たとえば、子どもがピアノの発表会から帰ってくる。
「ねえ、聞いて!最後まで弾けたよ!」
目がきらきらしている。
全身で喜んでいる。

ある親は、こう返す。
「よかったね。でも途中、左手のリズムがちょっとずれてたから、来週そこ練習しようか」

間違っていない。
次につながる助言だ。
でも、子どもの目から、きらきらがすっと消える。

あの瞬間にほしかったのは、
「すごいじゃん!頑張ったね」の一言だけだった。

相手のため。そう思って言ってしまう。
だからこそ、たちが悪い。
善意だから、止まらない。

「勉強ができる人」と「頭がいい人」は、違う。
よく言われる話だ。
でも、自分はちょっと違うことを思う。

勉強ができる人は、答えを出すのが速い。
だから、目の前に問題があると、つい解きにいく。

相手が「聞いてほしい」と思って投げた球を、
「解いてあげよう」と受け取る。
善意だ。まっすぐな善意だ。

でも、頭がいいと言われる人は、もう一歩手前で止まる。
「この人は今、答えがほしいのか。それとも、うなずいてほしいのか。」 その見極めを、先にやる。

どっちが正しいとか、そういう話ではない。

感情に理性で返す人には、芯がある。
自分の軸を持っていて、ぶれない。
だからこそ仕事で信頼される。
だからこそ、結果を出す。
そして突き抜ける。

ただ、その強さが、目の前の相手との「間」を一瞬ずらすことがある。
それだけのことだ。

■ わかりあえない、という着地もある

もうひとつ、書いておきたいことがある。

球速を合わせる。
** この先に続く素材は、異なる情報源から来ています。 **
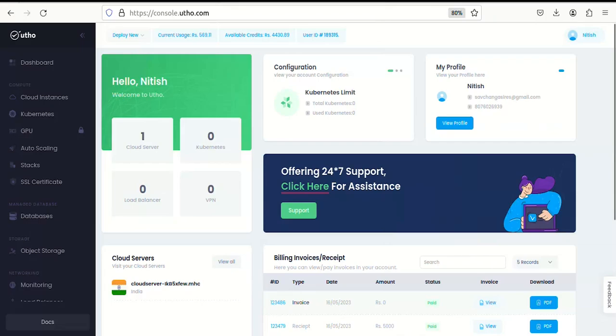Hello everyone and welcome to Utho Cloud. Today we are diving into one of the key features that sets us apart: our powerful cloud firewall. This adds an extra layer of security to your cloud environment, so let me demonstrate how easy it is to set up and configure your cloud firewall using Utho.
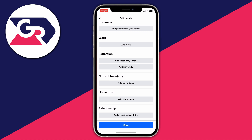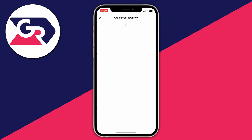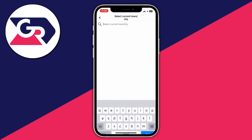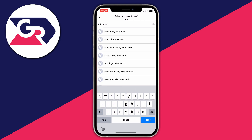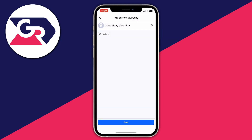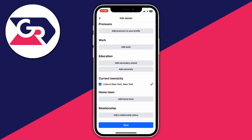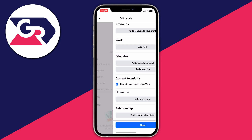For example, if you've moved from the United Kingdom to the US and want to change your region, click on 'add current city'. Type in New York, or wherever you've moved, then press save. That's how you change your region on Facebook using two different ways.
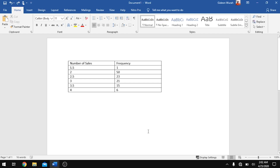Hello and welcome to today's video. We are going to be learning how to plot a histogram and also a scatter diagram using Microsoft Word and Excel. Today's video is going to be in two parts: the first part will illustrate how to plot the histogram and scatter diagram in Microsoft Word, and the second part will illustrate how to draw them in Excel.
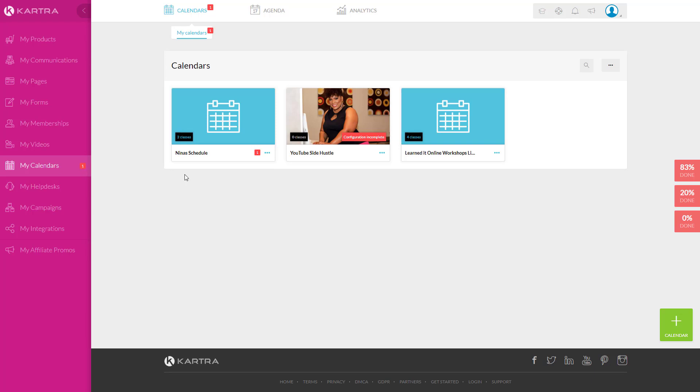Two things I want to mention before I start. One, I recorded this whole training, 20 minutes, in depth, very detailed, no editing needed, and realized I didn't have my microphone on. So I'm doing this again. So some steps you'll just have to see instead of me walking fully through.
温度を合わせる。
それでも、届かないことがある。

相手と自分の「受け取り方」が、根本的にちがう場合だ。

どれだけ丁寧に受けても、どれだけ相手の温度に合わせても、 最後の最後で、かみ合わない。

「わかりあえない」という着地もある。

これは失敗じゃない。
合わせる努力をした上で、それでも届かなかった。
それは、ただの結果だ。

大事なのは、
「合わせなかった」のか、
「合わせても届かなかった」のか。
この二つは、まるで違う。

全部わかりあえると思うのは、たぶん幻想だ。
でも、わかりあおうとしたという事実は、自分のなかに残る。

すべてがうまく分かり合えるわけじゃないと頭に入れておく。

無理しすぎる必要はない

■ まとめ 受ける&いつ、どの温度でいうか。

アドバイスは、「何を言うか」で決まると思われがちだ。

でも、本当に届くかどうかは、
「いつ、どの温度で言うか」で決まる。

相手が感情で話しているなら、まず感情で受ける。
相手が理性で話しているなら、まず理性で受ける。

同じ球速で返す。

それだけで、相手は「この人はわかってくれている」と感じる。
わかってくれている、と思えた瞬間に、人は耳を開く。

だから、まずやれることはシンプルだ。

  1. 相手が今、感情と理性のどちらで話しているか、を見る。

  2.  同じ温度で、まず受ける。共感か、整理か。

  3. 受けた後に、自分の意見や提案を出す。

この「受けてから投げる」の順番を守るだけで、
同じ言葉でも、届き方がまるで変わる。

そして、それでも届かないときがある。
それは失敗じゃない。合わせた上での結果だ。

全部わかりあえなくていい。わかりあおうとしたことが、残る。

キャッチボールは、受けることから始まる。
コミュニケーションも、同じだ。

追伸
追伸交流会で名刺を渡したら「面白そうなお仕事ですね!」と言われた。嬉しくて、ヒミビズの実績を5分語った。相手の目がだんだん泳いでいった。球速を見ろ、自分。